_Exercise instructions_
From the records below, output exactly the lines starting at the line with "Can you imagine" and ending at the line with "Under the Dirt", both of them included, but no pictures.
[Source material — start]
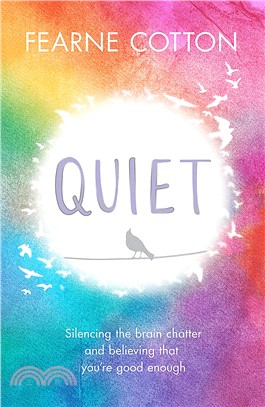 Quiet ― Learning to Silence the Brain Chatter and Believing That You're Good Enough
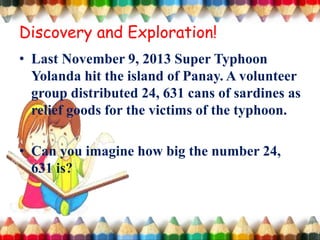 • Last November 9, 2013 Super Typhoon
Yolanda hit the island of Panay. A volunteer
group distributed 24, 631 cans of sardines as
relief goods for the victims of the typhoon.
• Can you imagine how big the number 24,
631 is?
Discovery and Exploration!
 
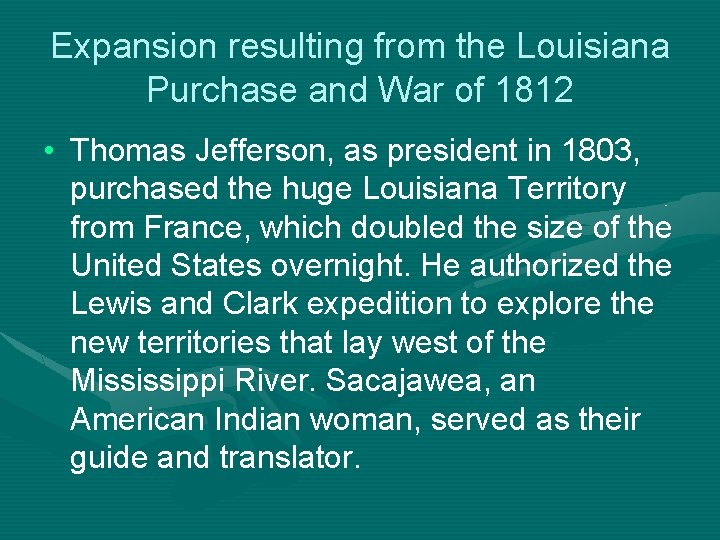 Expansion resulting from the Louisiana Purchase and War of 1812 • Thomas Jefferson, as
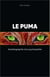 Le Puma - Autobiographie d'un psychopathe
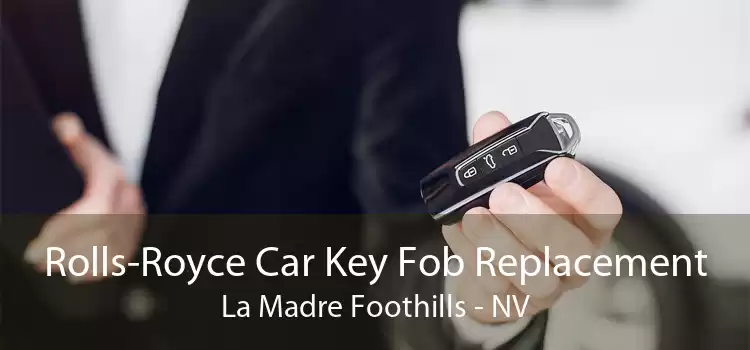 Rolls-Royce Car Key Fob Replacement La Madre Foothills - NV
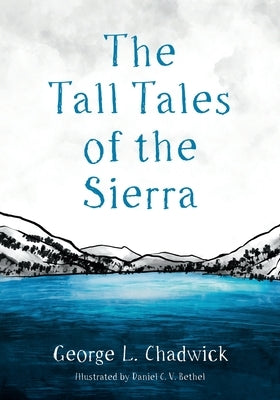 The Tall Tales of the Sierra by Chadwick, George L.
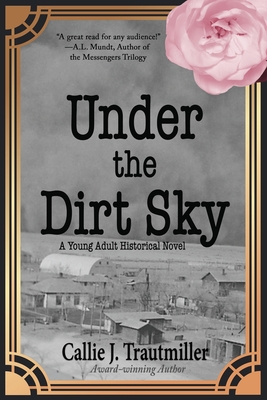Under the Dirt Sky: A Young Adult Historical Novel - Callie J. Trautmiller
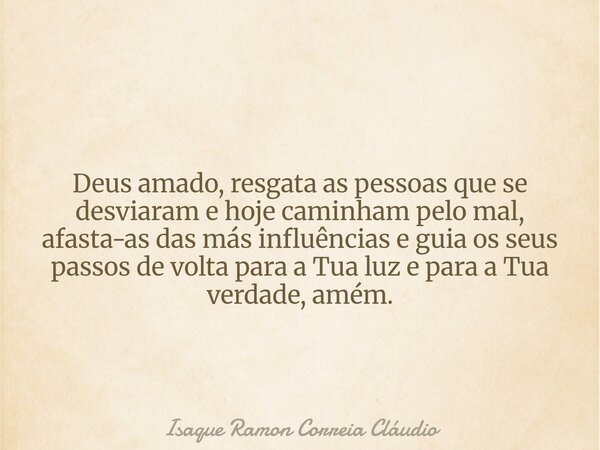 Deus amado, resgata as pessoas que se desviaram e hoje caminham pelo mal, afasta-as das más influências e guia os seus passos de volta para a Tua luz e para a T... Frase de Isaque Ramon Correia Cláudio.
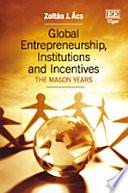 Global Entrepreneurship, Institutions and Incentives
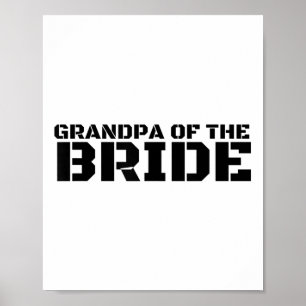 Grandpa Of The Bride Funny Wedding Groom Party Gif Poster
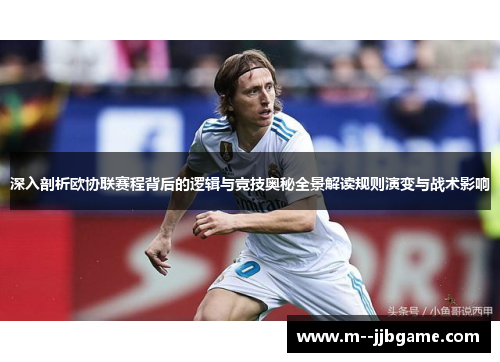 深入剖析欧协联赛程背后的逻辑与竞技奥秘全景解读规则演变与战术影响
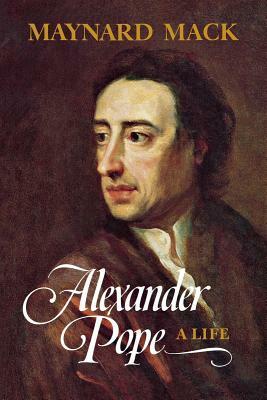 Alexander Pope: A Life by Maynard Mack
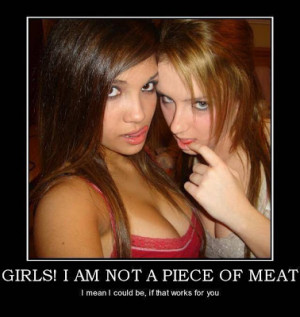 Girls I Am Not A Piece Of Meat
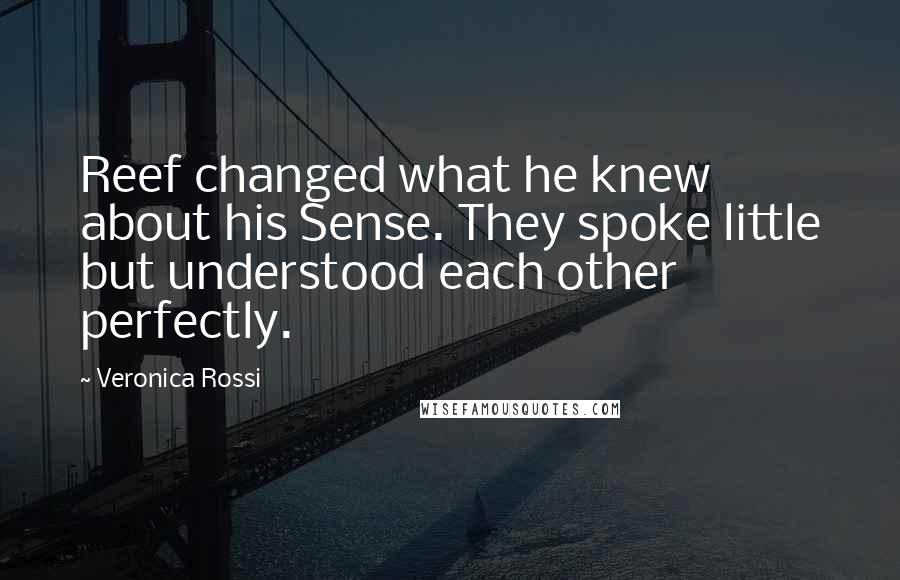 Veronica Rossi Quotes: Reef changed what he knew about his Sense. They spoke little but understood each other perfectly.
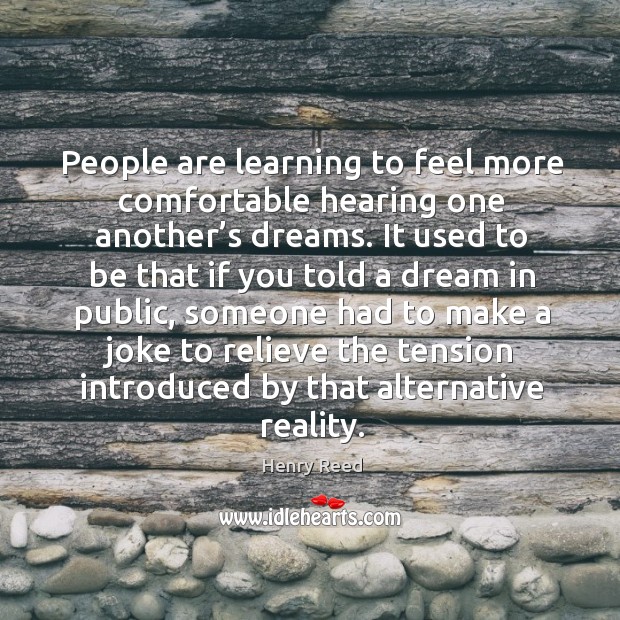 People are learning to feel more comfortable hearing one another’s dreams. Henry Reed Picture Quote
[Source material — finish]
[Source material — start]
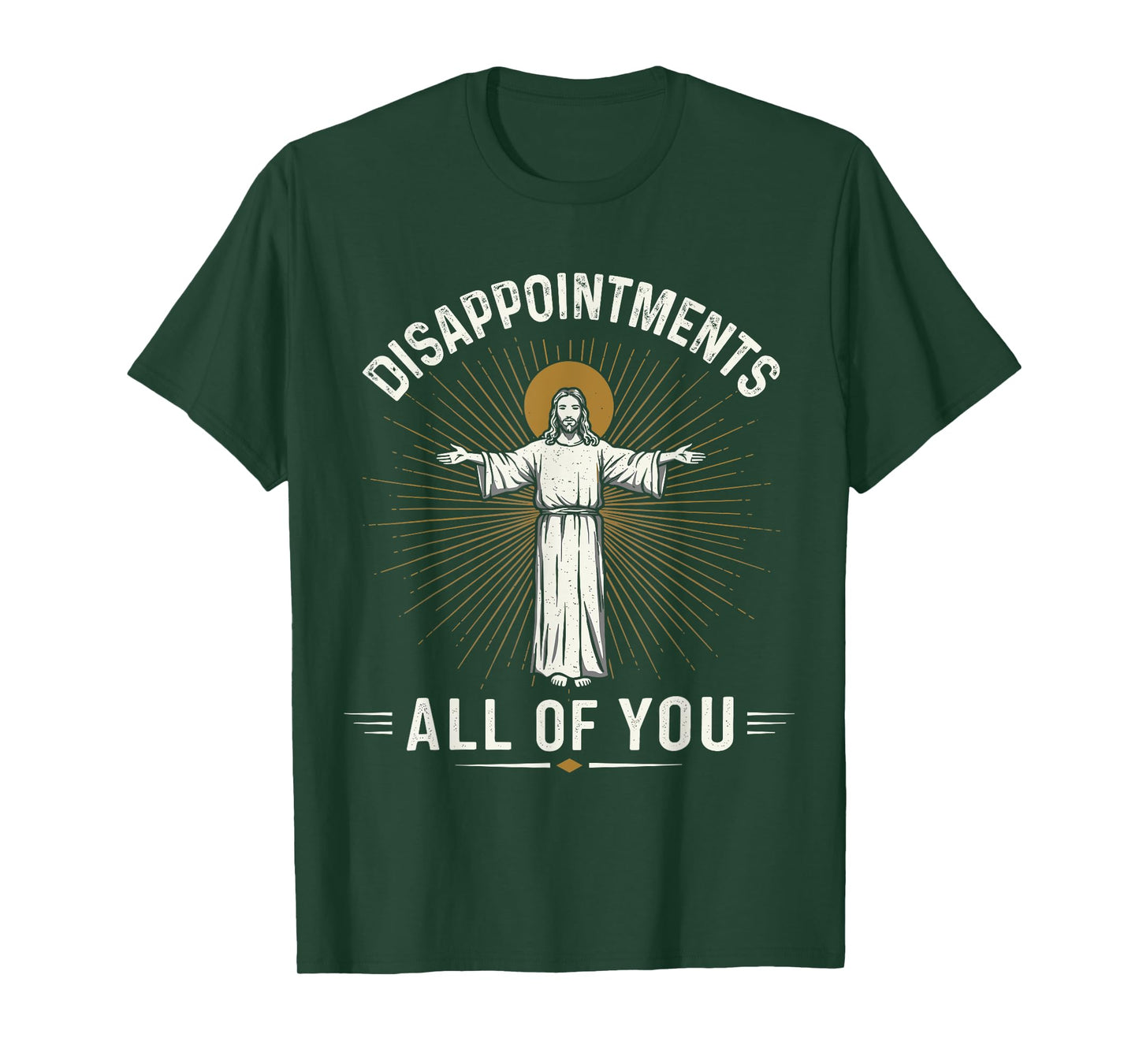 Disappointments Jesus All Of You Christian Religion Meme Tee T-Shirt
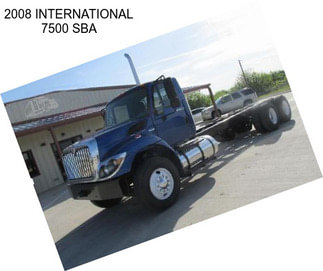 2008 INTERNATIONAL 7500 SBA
[Source material — finish]
_Solution to the exercise_
• Can you imagine how big the number 24,
631 is?
Discovery and Exploration!
 
 Expansion resulting from the Louisiana Purchase and War of 1812 • Thomas Jefferson, as
 Le Puma - Autobiographie d'un psychopathe
 Rolls-Royce Car Key Fob Replacement La Madre Foothills - NV
 The Tall Tales of the Sierra by Chadwick, George L.
Under the Dirt Sky: A Young Adult Historical Novel - Callie J. Trautmiller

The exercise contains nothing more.